Returning from a discussion here OCR for existing Joplin notes here are my "instructions" for how to achieve this in Windows.
These instructions are for Python 3.8 running in Anaconda 1.10.0 in Windows
At your Anaconda prompt install rest-uploader, ocr_joplin_notes and pytesseract
pip install rest-uploader
pip install ocr_joplin_notes
pip install pytesseract
Install Tesseract from here as a regular Windows installation Home · UB-Mannheim/tesseract Wiki · GitHub as per the recommendation I used tesseract-ocr-w64-setup-v5.0.0-alpha.20201127.exe
Add User Variables in Windows - Settings - Advanced System Settings
Variable name TESSDATA_PREFIX
Variable value C:\Program Files\Tesseract-OCR\tessdata
In the System variables edit PATH to ADD
C:\Users\graha\Anaconda3\python.exe
and
C:\Program Files\Tesseract-OCR
Whilst there add your Joplin Token:
Variable name JOPLIN_TOKEN
Variable value "your Joplin Token from Joplin - Tools - Options - Web Clipper"
Check or add PYTHONPATH in System Variables
Variable name PYTHONPATH
Variable value C:\Users<username>\Anaconda3\python.exe
In my case, I am using Python3.8 in Anaconda, but this needs to point to your Python executable.
Now despite having Anaconda being up to date with the latest version there were some issues with the installed packages.
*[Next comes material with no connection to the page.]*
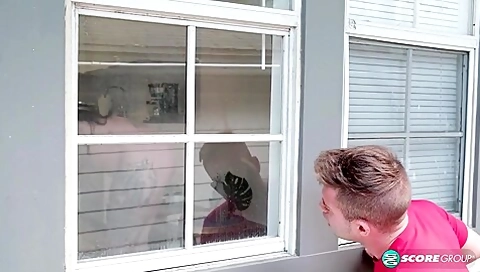 Peeping Tom Fucks Busty Nyx Monroe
In one case having two versions installed. The solution is to uninstall and reinstall the relevant packages again using pip uninstall/install at the Anaconda prompt.
I spotted these when trying to run the final instruction for ocr_joplin_notes the various packages would be mentioned in the error messages, so I fixed them one by one.
mkl-service was missing and needed to be installed, so here is the complete list:
conda install -c conda-forge mkl-service
pip uninstall opencv-python
pip install opencv-python
pip uninstall numpy (first time to remove numpy-1.20.2)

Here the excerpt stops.